Highlights
- Very difficult to make sense of markets right now, says Murarka
- Murarka outlined his preferred investment strategy amid the correction.
- He acknowledged that rising crude prices pose a significant challenge for India.
Amid sharp volatility in global markets driven by rising oil prices, geopolitical tensions, and fluctuations in commodities like gold, investors are grappling with uncertainty. In this backdrop, Founder & CIO @ Renaissance Investment Managers Pankaj Murarka has advised investors to remain calm and focus on long-term opportunities rather than reacting to short-term disruptions.
Very difficult to make sense of markets right now – Murarka
Speaking on the current market environment exclusively on ET Now, Murarka has highlighted the unprecedented pace of change in global developments.
“It’s very difficult to make sense of these markets and what’s happening in the world on an everyday basis. Things are changing on an hourly basis,” he said.

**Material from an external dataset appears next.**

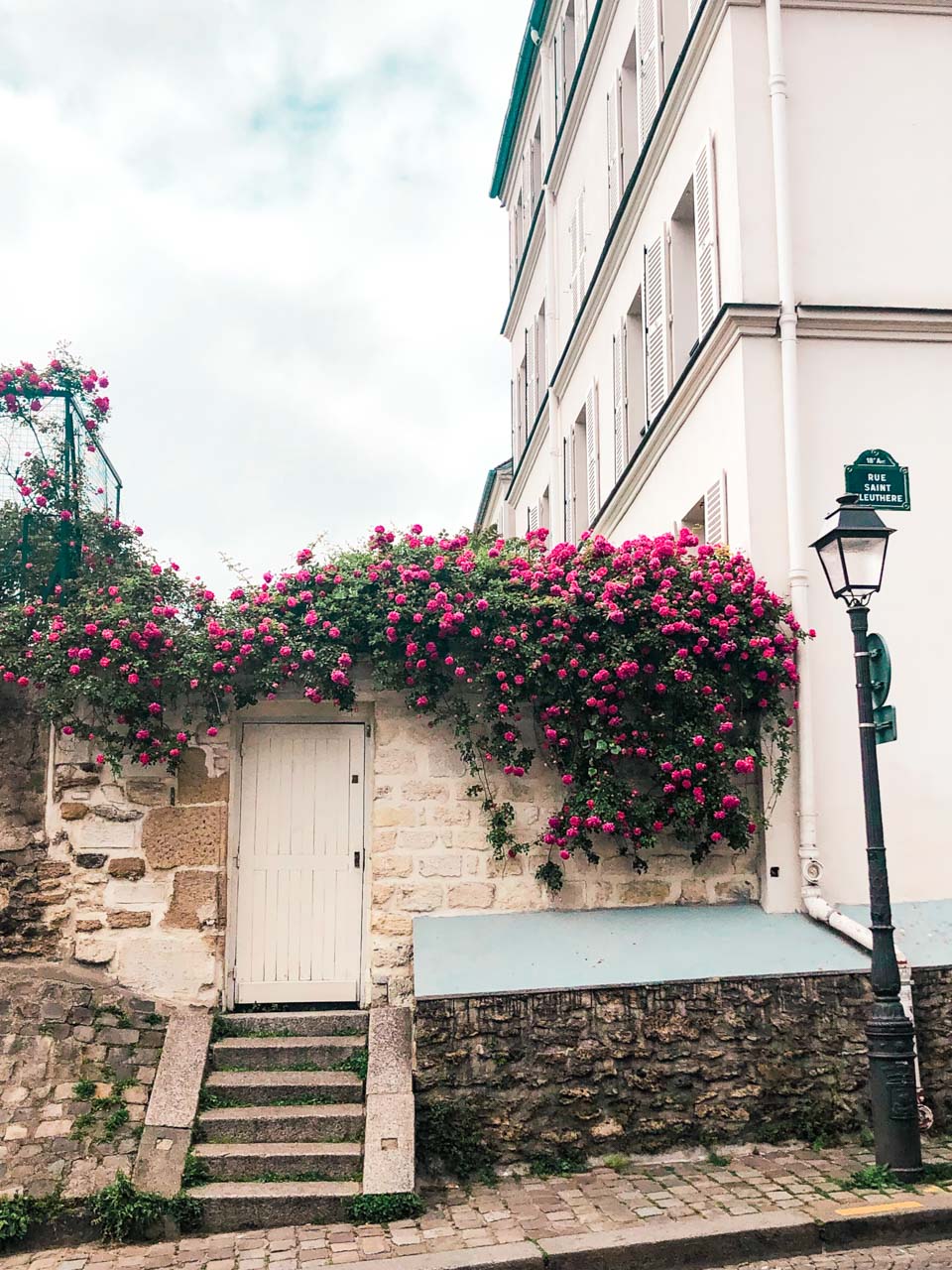 Pink flowers growing atop the entrance gate to a traditional French house in the Montmartre district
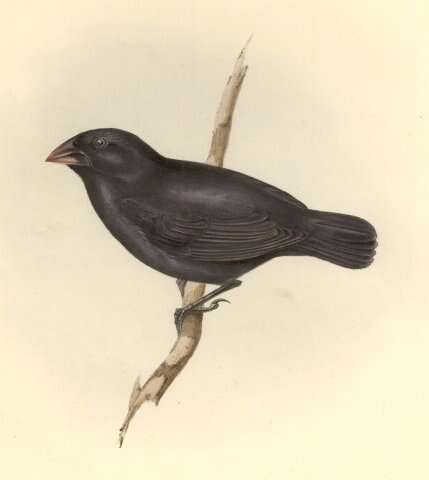 Image of Medium Ground Finch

He pointed out that unpredictable policy decisions and evolving geopolitical scenarios are making near-term forecasting extremely challenging.
Oil shock is a headwind for India
Murarka acknowledged that rising crude prices pose a significant challenge for India.
“Oil price is an energy shock to India… even if the war stops, prices will likely settle higher than pre-crisis levels,” he noted.
According to him, if crude stabilises around USD 80–85 per barrel, the impact could be about USD 40 billion—roughly 1 per cent of India’s GDP. However, any spike towards USD 100 or USD 120 could worsen the situation further.
India’s strong fundamentals offer a cushion
Despite global headwinds, Murarka remained optimistic about India’s resilience.
“India’s macroeconomic fundamentals are very strong… the medium- and long-term growth story remains intact,” he said.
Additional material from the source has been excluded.